Manila: A crucial Eurogroup meeting next week on Greece should forge a deal that will put the insolvent country’s economy on a sustainable path, International Monetary Fund (IMF) Managing Director Christine Lagarde said on Friday.
The IMF chief is cutting short her tour of Asia to attend the Eurogroup meeting in Brussels on November 20.
A row between Eurozone governments and the IMF over how to make Greece’s giant debt mountain manageable is holding up the release of €31 billion euros (Dh146 billion or $39.5 billion) in emergency loans needed to keep Athens afloat.
“It is not over until the fat lady sings as the saying goes,” Lagarde told reporters when asked by reporters in Manila about the possibility of a deal on Greece next week.
“It is a question of working hard, putting our mind to it, making sure that we focus on the same objective which is that the country in particular, Greece, can operate on a sustainable basis, can recover, can get back on its feet, can reaccess markets as early as possible.”
Lagarde earlier this week publicly disagreed with Eurozone finance ministers who have suggested that Greece should be given until 2022 to lower its debt to gross domestic product (GDP) ratio to 120 per cent. Lagarde has insisted the existing target of 2020 should remain.
European policymakers must also implement policy commitments to help lift the Eurozone economy next year, Lagarde said in Manila.

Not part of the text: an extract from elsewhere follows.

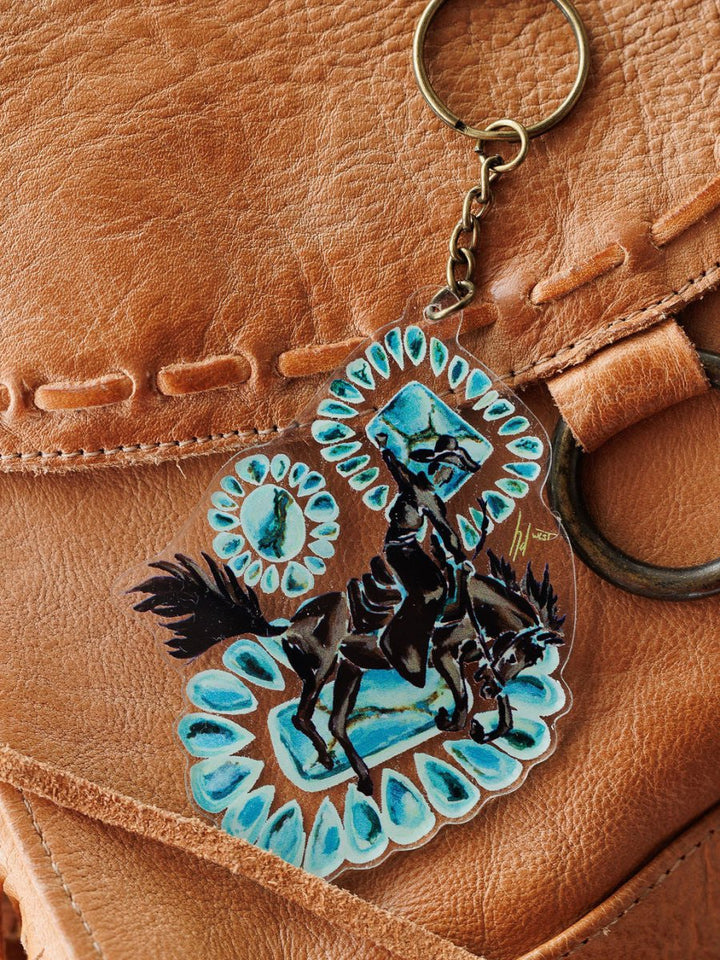 A close-up of the Bronc Keychain by Savannah Sevens western life{&}style, featuring horse and rider art with blue accents, shown on a brown leather bag with visible stitching and a metal ring.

Banks, insurers and other private sector investors holding about 206 billion euros of Greek bonds took a 53.5 percent reduction on the nominal value of their securities earlier this year.
Greece’s total debt is forecast to rise to nearly 190 per cent of gross domestic product next year, meaning it is highly unlikely to fall back to 120 per cent of GDP by 2020, the level the IMF has said is the maximum sustainable in the long term.
Meanwhile, Greece on Friday was in the process of repaying a five-billion-euro treasury bill with money raised from another debt issue this week, thus avoiding a payment default, a debt management agency source said.
“The payment is proceeding without problems, the necessary money is present,” an agency source told AFP. He did not specify when the process would be complete.
Faced with a financing gap from a stalled EU-IMF loan instalment that is still pending, Greece raised the necessary money earlier in the week with a sale of three-month and one-month treasury bills.
It drew €4.0 billion ($5.18 billion) on Tuesday and added another €938 million two days later.
Greek Prime Minister Antonis Samaras warned last month that the country would run out of money on Friday without the prompt release of funds from the European Union and International Monetary Fund.
Worth €31.2 billion overall, the EU-IMF loan payment was supposed to have been disbursed by July but was held back owing to reform delays and protracted political uncertainty after a four-month electoral campaign in Greece.
Eurozone finance ministers will meet on November 20 to discuss whether Athens will at last be given the funds, which are part of Greece’s second EU-IMF rescue package.